On Monday I wrote down all my reasons for wanting to quit smoking and have been toting that around with me. I just look at it periodically to remind myself. Oddly enough, the two main things that have kept me going are: not feeling like crap in the morning and better circulation (no more waking up in the middle of the night with numb hands). I’m also constantly having to tell myself, “You are not a smoker.” Getting away from always thinking of myself as a smoker is going to be the key and also the hardest part for me, I think. Getting it into my head that smoking does NOT define who I am or how I think and operate is hard. It sounds so stupid and probably makes very little sense to people who don’t/have never smoked, but I really did use it as a definition of me as a person pretty much my entire adult life. Now all of a sudden I have to define myself by something else, or even harder – nothing at all. Maybe there is no definition of who I am as a person and maybe that’s okay.

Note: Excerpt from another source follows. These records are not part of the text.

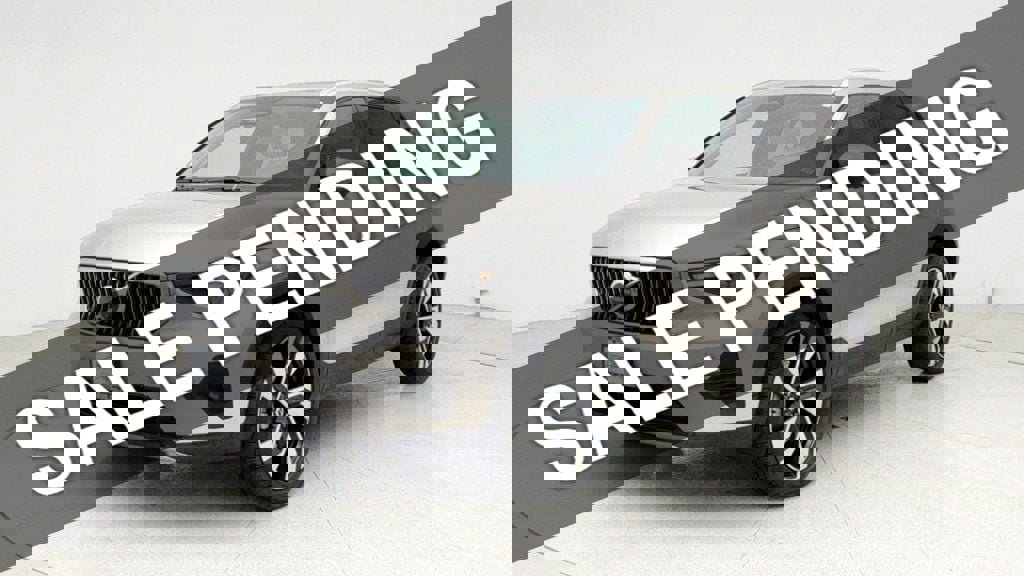 Used 2023 Volvo XC40 B5 Plus w/ Driver Assist Package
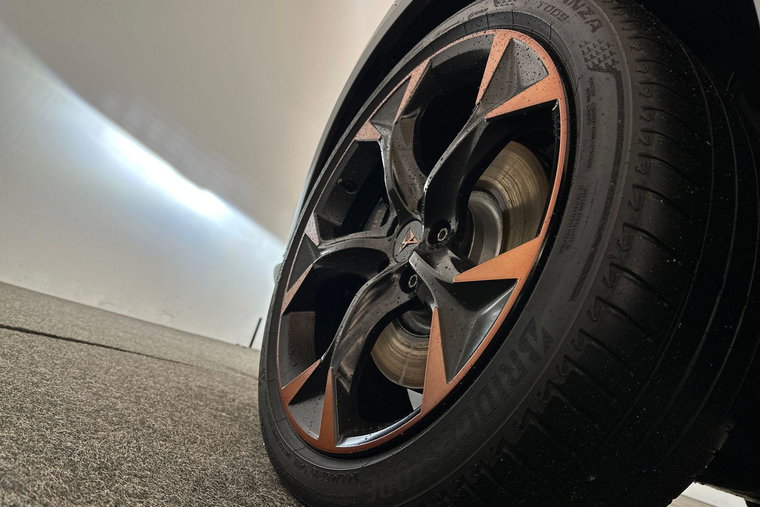 Vehicle Image 12
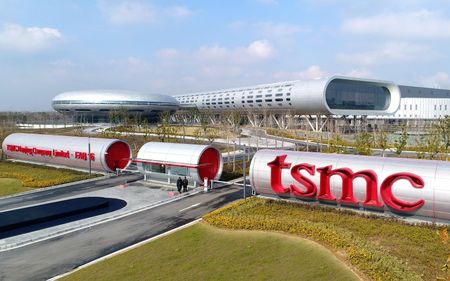 Crossed Wires: The most important company in the world and the storm brewing around it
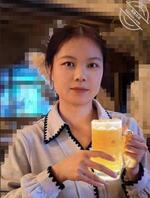 母狗聚餐素颜照，觉得是良家有感觉的话尽情羞辱1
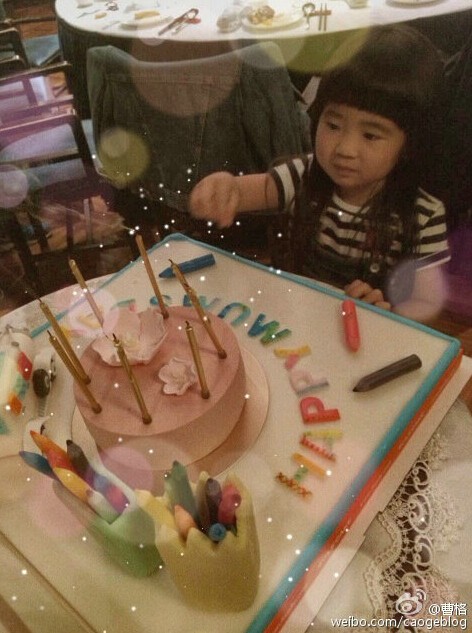 曹格与妻子补拍婚纱照 吴速玲为人母身材依旧 曹格与妻子补拍婚纱照 吴速玲为人母身材依旧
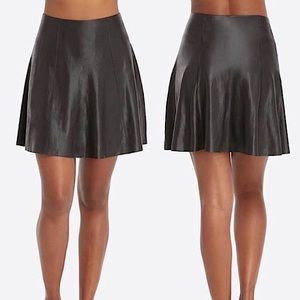 Spanx Faux Leather Skater Skirt 2x Black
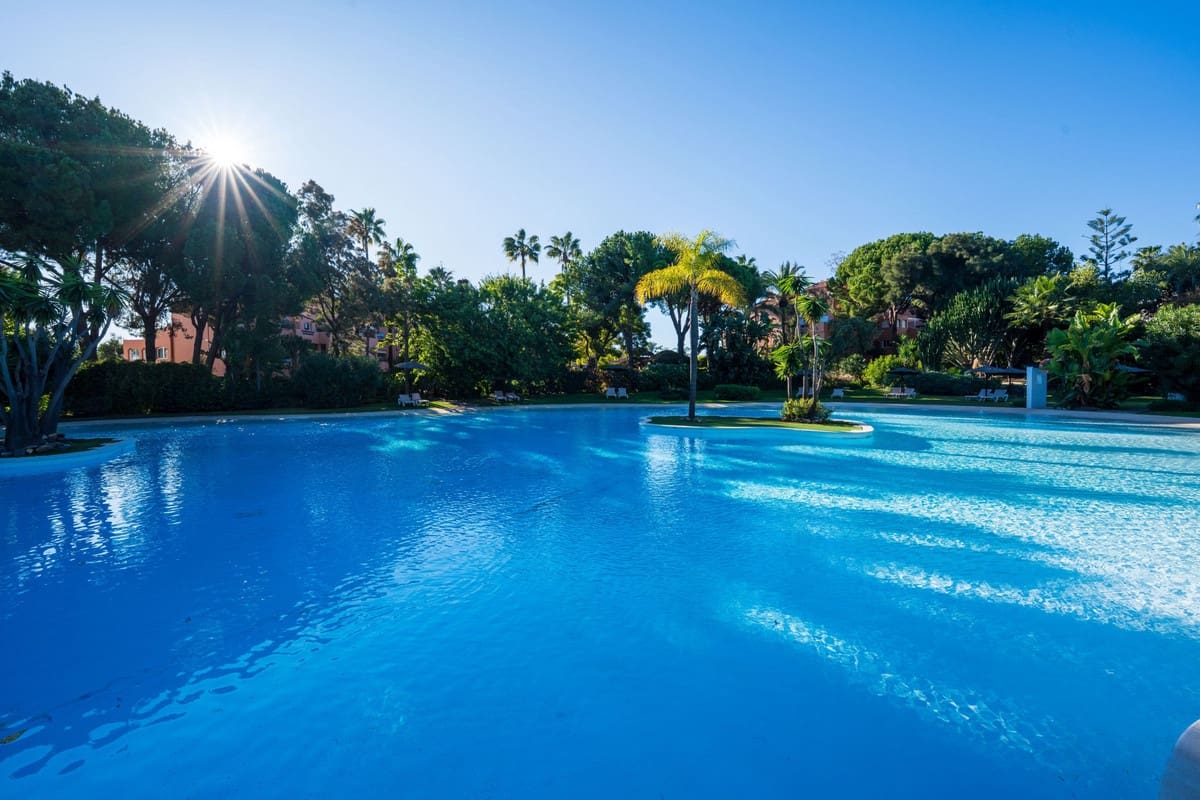 3 bedroom Apartment for sale in San Pedro de Alcantara - € 790,000 (Ref: 9364128)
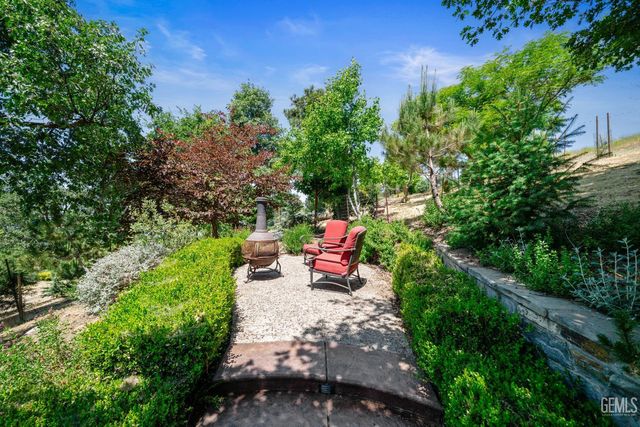 26000 Deertrail Drive, Tehachapi, CA 93561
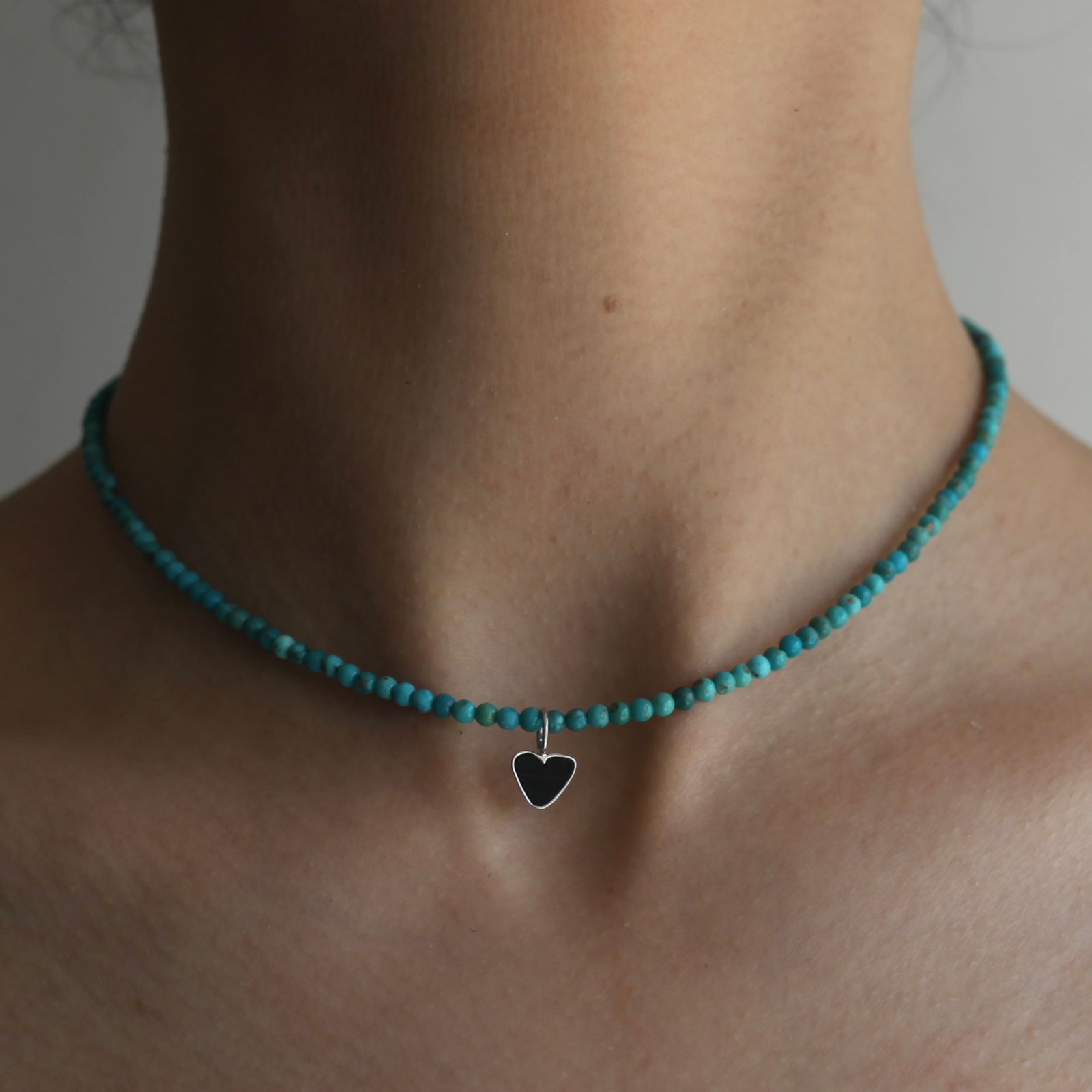 【お取り寄せ注文可能】How Raw Heart Charm Round Stone Necklace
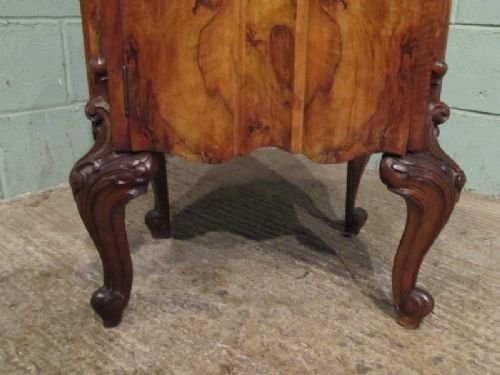 fig 2. ANTIQUE PAIR BURR WALNUT BEDSIDE CABINETS C1920 W7018/2.7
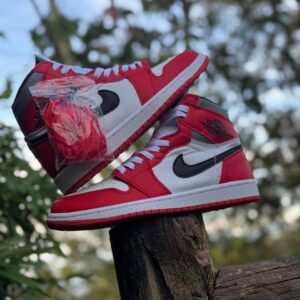 JORDAN RETRO 1 CHICAGO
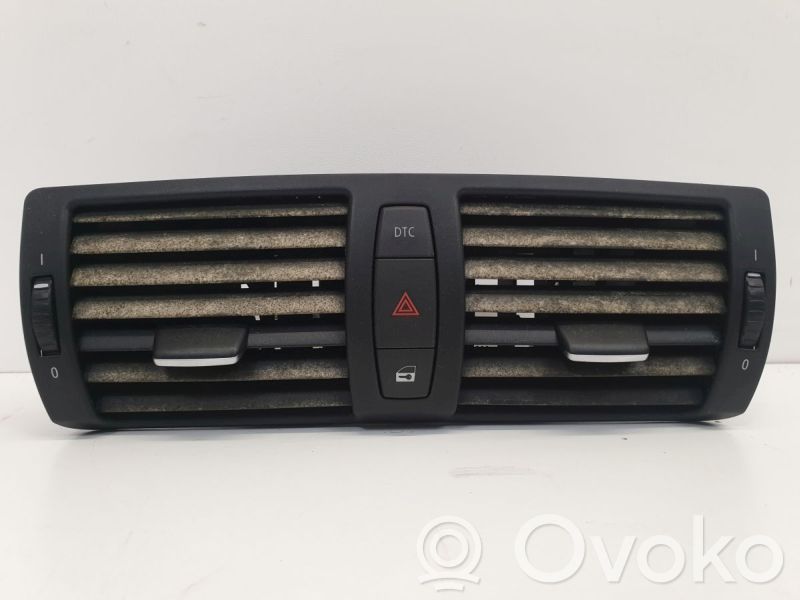 BMW 1 E81 E87 Lango oro grotelės 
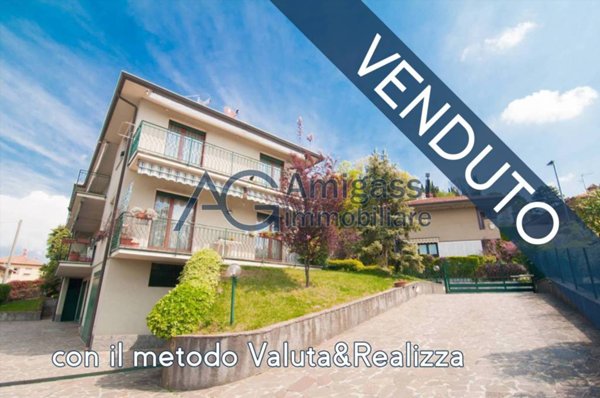 casa indipendente in vendita a Mozzo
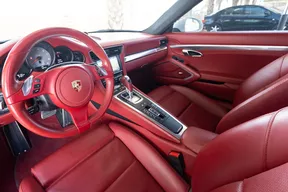 Porsche 911 Carrera 4S 2015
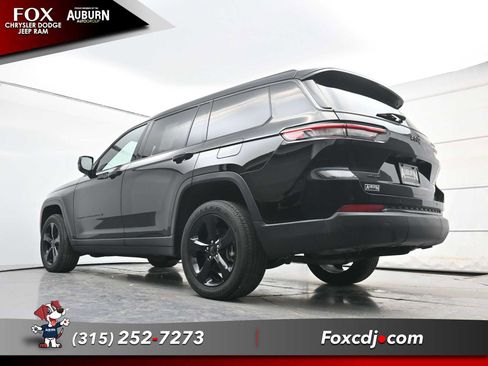 Used 2023 Jeep Grand Cherokee L Laredo image 21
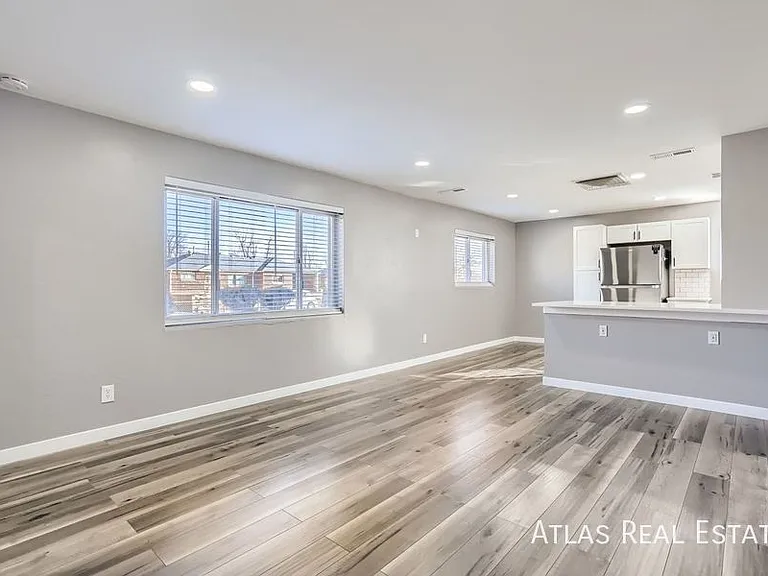 1620 Phoenix Ct — Photo 3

In conclusion on that topic: So far, so good!

So here are my new goals for June:
  1. Take progress pictures/measurements and weigh-in every 2 weeks
  2. Continue cardio twice a week (oh oh! I haven’t even talked about this yet! Please hold.)
  3. Quit smoking


So. Cardio. That thing I hate. I still hate it, but have made a conscious decision that it’s something that needs to regularly be happening in my life. Part of this revelation came after attending the Virginia Tech Hokies Ladies’ Clinic last weekend and getting to sit through lectures from both the Strength and Condition Coach and the Sports Medicine Coordinator. There was lots and lots of talk about how these young footballers train, and while strength/power is the main focus of all workouts and where the most time is spent, the importance of interval training/agility was focused on as well. This got the gears in my head turning a little faster than they already were (I did some track sprints last week in hopes to get a jump-start on quitting smoking per some advice my brother-in-law who recently quit gave me – I guess Kyle is good for SOME things), and I realized that if I want to be able to really apply the strength I’m building to anything (chasing children… LIFE), I need the endurance behind it. A couple months ago I had been doing a HIIT (High Intensity Interval Training) routine that I found on FitnessBlender (awesome site!), but I got bored with it very quickly and quit doing it. Also, I realized when I tried to run last week (for the first time in YEARS), that actually running on a track, the street, a treadmill, whatever, is a LOT different than just jumping around in one place in your basement. The amount of soreness that happened within just an hour of returning from the track last week… it was ridiculous. It made me feel ridiculously out of shape for being a person who’s been working so hard to get in shape. And that advice that my brother-in-law gave me? It was good. Sprinting/jogging/running/whatever definitely makes me never want to smoke again.

The bottom line is: I hate cardio, and will probably always hate cardio – but I want my heart and lungs to be healthy, so track sprints are going to be happening in my life regularly. I also really enjoy taking walks, so those will definitely continue until the weather gets too cold for me to bear it. It's all about balance.